Save Money with DIY Cleaning Supplies

A guest post with great savings tips by Rebecca Chopin for

A spritz here, a spray there—before you know it, that bottle of all-purpose surface cleaner has all but disappeared. Your counter tops may be sparkling, but a dark shadow hovers over your household budget. There are still toilets to scrub, dishes to wash and floors to mop. And with specialized products for each dirty job, cleaning house can really clean out your checking account.

According to data from the U.S. Bureau of Labor Statistics, the amount of money Americans spend on cleaning supplies is on the rise, with the average family doling out $659 in 2009, compared to $639 in 2007. Bigger families—those with five or more living in a home—and homeowners (as opposed to renters) tend to spend more, bringing the number up to almost $800 a year. If your family has a higher income, $150,000 or more a year, your cabinets may be crammed with $1,500 worth of stain removers and surface shiners.

Break it down, and all that dirt busting drains anywhere from $56 to $125 a month from your wallet. Sure, those colorful, toss-in laundry pods save you a few seconds when starting a load, and that extra-fresh-lemon-scented deodorizing mist makes the kitty-litter corner a little more bearable—but are the minor conveniences and comforts worth money you could be putting toward your car payment?

With a little effort, a few basic supplies and some willpower in the cleaning supply aisle, you can make your own household cleaners and start saving some serious money.
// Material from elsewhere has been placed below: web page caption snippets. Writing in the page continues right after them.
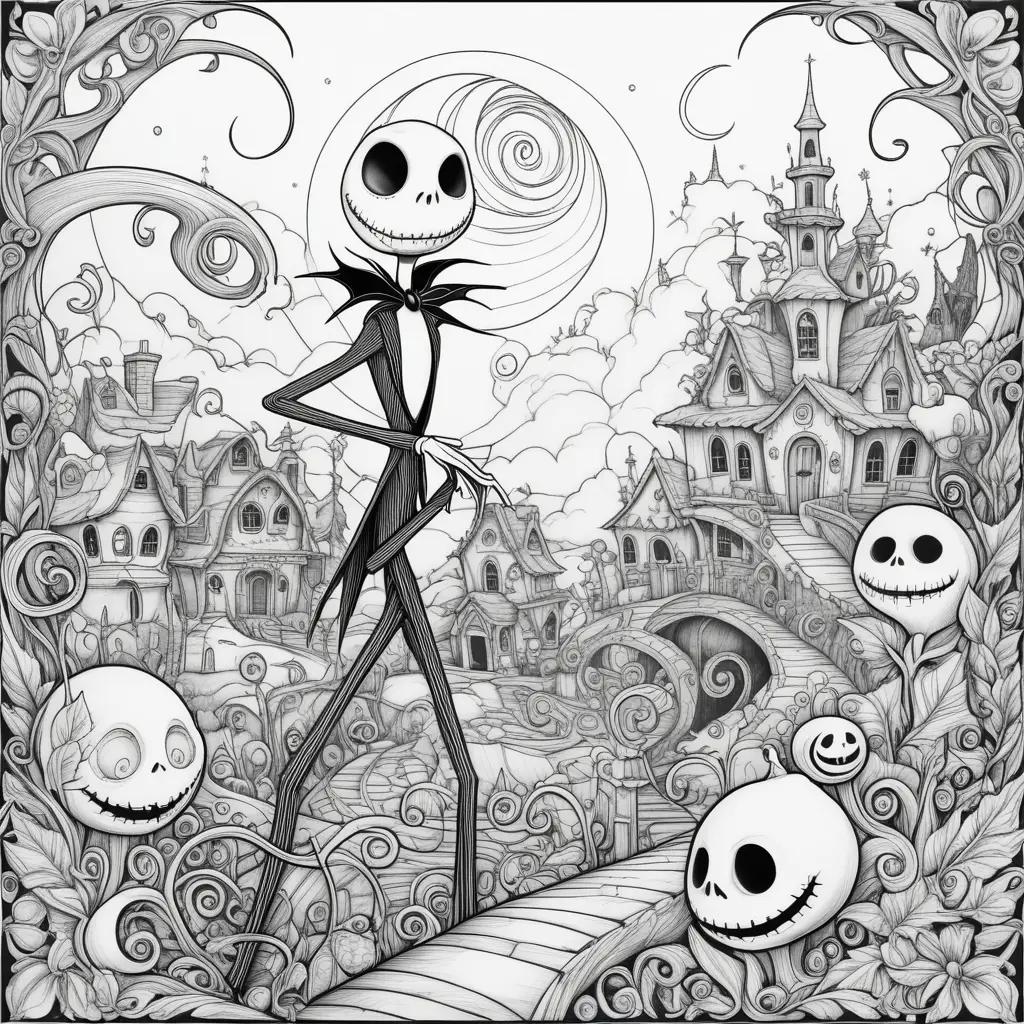 Jack Skellington coloring pages with skulls and pumpkins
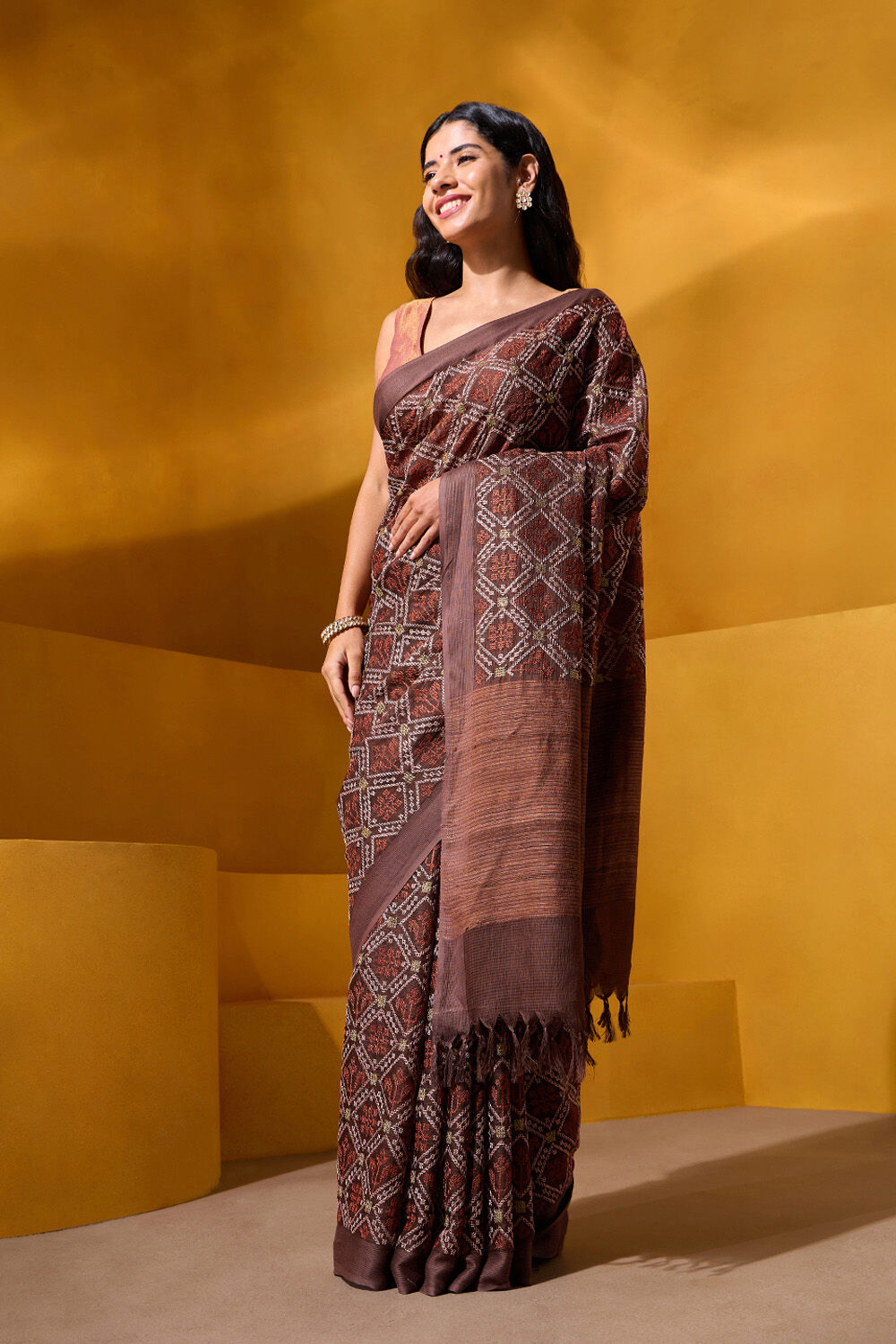 Brown Silk Modal Embroidered Saree image number null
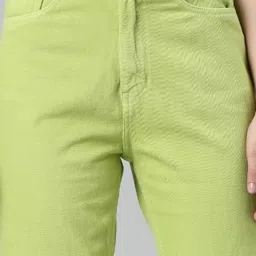 showoffff SHOWOFF Lime Green Denim Regular Fit Mid Rise Jeans image 5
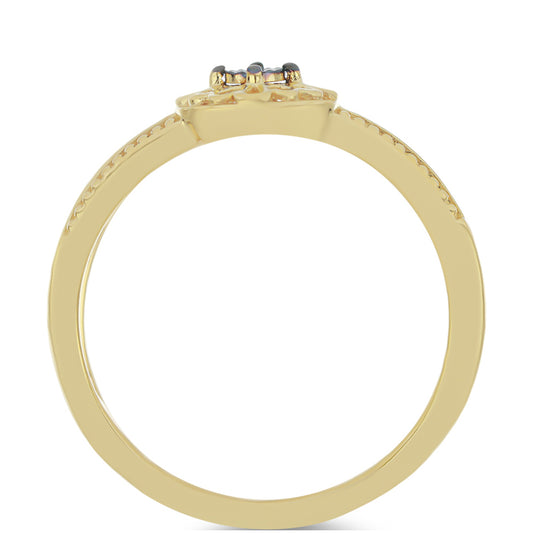 Goldplattierter Silberring mit grünem Diamant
Here’s how:

Shopping List:
Baking soda
White vinegar
Hydrogen peroxide
Lemon juice
Cream of tartar
Liquid and bar castile soap
Washing soda
Essential oils (peppermint, lemon, tea tree or lavender)


Dish soap: Combine ½ cup of liquid castile soap, 1 Tbsp. of white vinegar, 1 Tbsp. of washing soda and 1/8 tsp. of essential oil. Stir in 1-½ cups of hot water and mix thoroughly with whisk. For thicker soap, add 1 Tbsp. of bar soap shavings. Let cool and pour into a dispenser bottle.

Counter top and sink scrub: Mix baking soda into liquid castile soap until it becomes a creamy consistency. Scrub small areas of countertop with mixture and wipe clean with damp sponge.

Oven cleaner: Mix together ¼ cup of washing soda and 1 cup of baking soda; add water to make a paste. Apply paste to oven walls and let sit overnight. Remove with a wet sponge, rinsing and repeating until surfaces are clean.

All-purpose sanitizer: Add 2 tsp. of borax to 4 cups of boiled water; stir in ¼ cup of white vinegar and 50 drops of essential oil. Let cool and pour into a spray bottle.

Window spray: Mix 2 Tbsp. vinegar into a gallon of water. Fill a spray bottle with solution and use clean newspaper (not paper towels, which leave streaks) to wipe clean.

Toilet scrub: Add 1 cup of borax and ¼ cup of vinegar to toilet bowl and let sit overnight. Scrub clean in the morning.

Tub and tile scrub: Combine ½ cup of liquid soap, 1-½ cups of baking soda and ½ cup of water. Just before using, pour in 2 Tbsp. of vinegar. Apply mixture to tub walls or tiles; scrub and rinse clean.

Mildew remover: Pour a small amount of vinegar into cream of tartar to form a paste. Use a small brush to scrub grout or other mildewed surfaces using a circular motion; rinse clean.

Liquid laundry soap: Melt one bar of castile soap in a small amount of water on your stovetop. In large container, combine melted soap with 2 gallons of water and 2 cups of baking soda. Mix well. Use ½ cup of solution per load.

Stain remover: Combine ½ cup of hydrogen peroxide, ½ cup baking soda and 1 cup of hot water in a spray bottle; shake well. Apply to stains and let sit overnight before washing.

Furniture polish: Mix together 1 cup of olive oil and 1/2 cup of lemon juice. Apply mixture to furniture with a soft cloth, rubbing in a circular motion.